EXERCISE DATA.
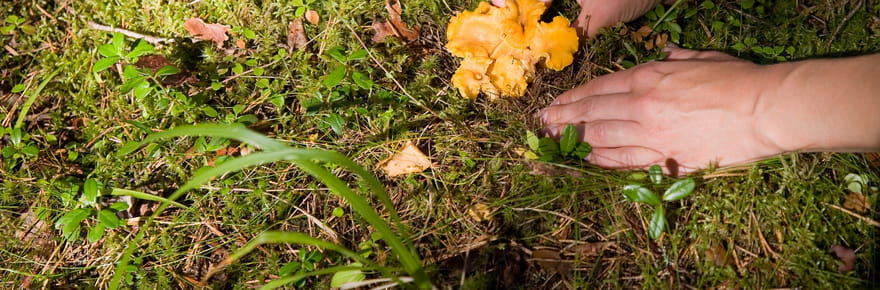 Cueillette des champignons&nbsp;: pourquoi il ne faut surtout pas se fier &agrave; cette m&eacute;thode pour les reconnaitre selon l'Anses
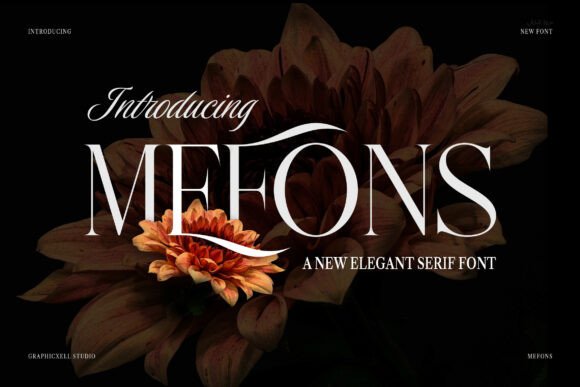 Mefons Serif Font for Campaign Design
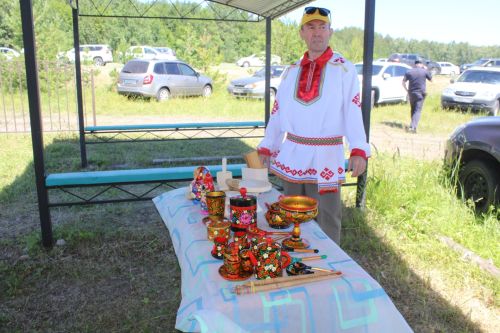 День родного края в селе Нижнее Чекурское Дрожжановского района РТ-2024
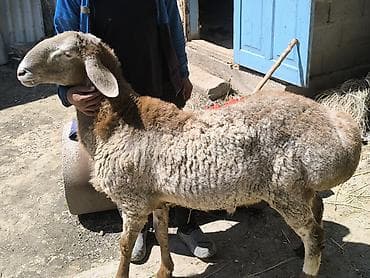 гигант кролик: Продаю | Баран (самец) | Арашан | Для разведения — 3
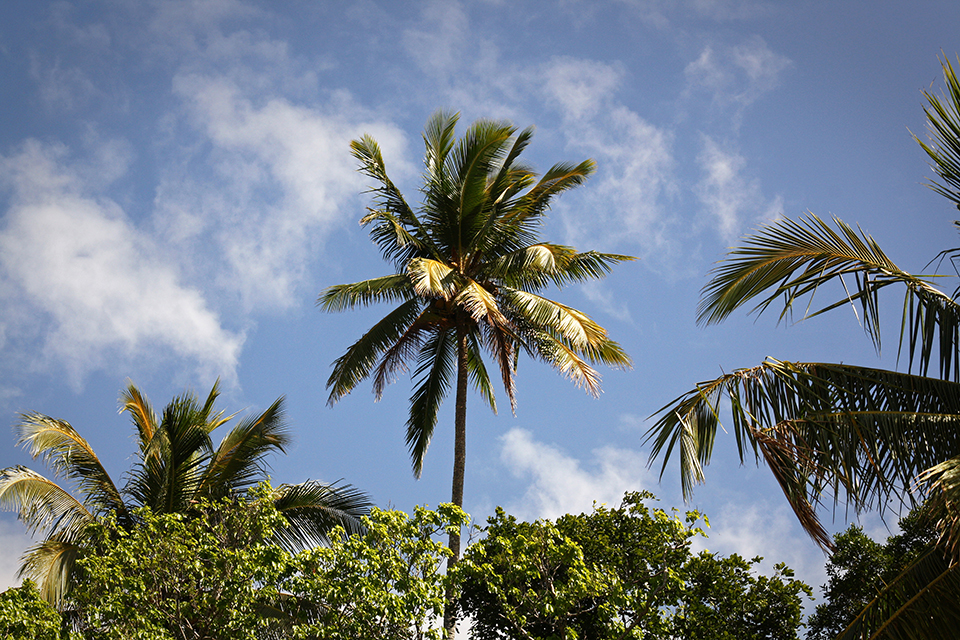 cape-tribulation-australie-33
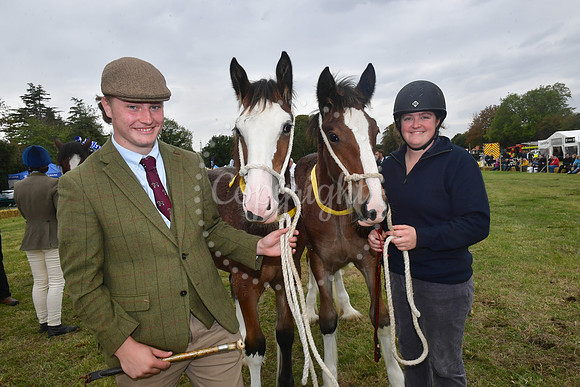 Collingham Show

EXERCISE INSTRUCTIONS.
Return exactly the lines from the one containing "Mefons Serif Font for Campaign Design" through the end of the records, leaving out every picture.

SOLVED EXERCISE.
 Mefons Serif Font for Campaign Design
 День родного края в селе Нижнее Чекурское Дрожжановского района РТ-2024
 гигант кролик: Продаю | Баран (самец) | Арашан | Для разведения — 3
 cape-tribulation-australie-33
 Collingham Show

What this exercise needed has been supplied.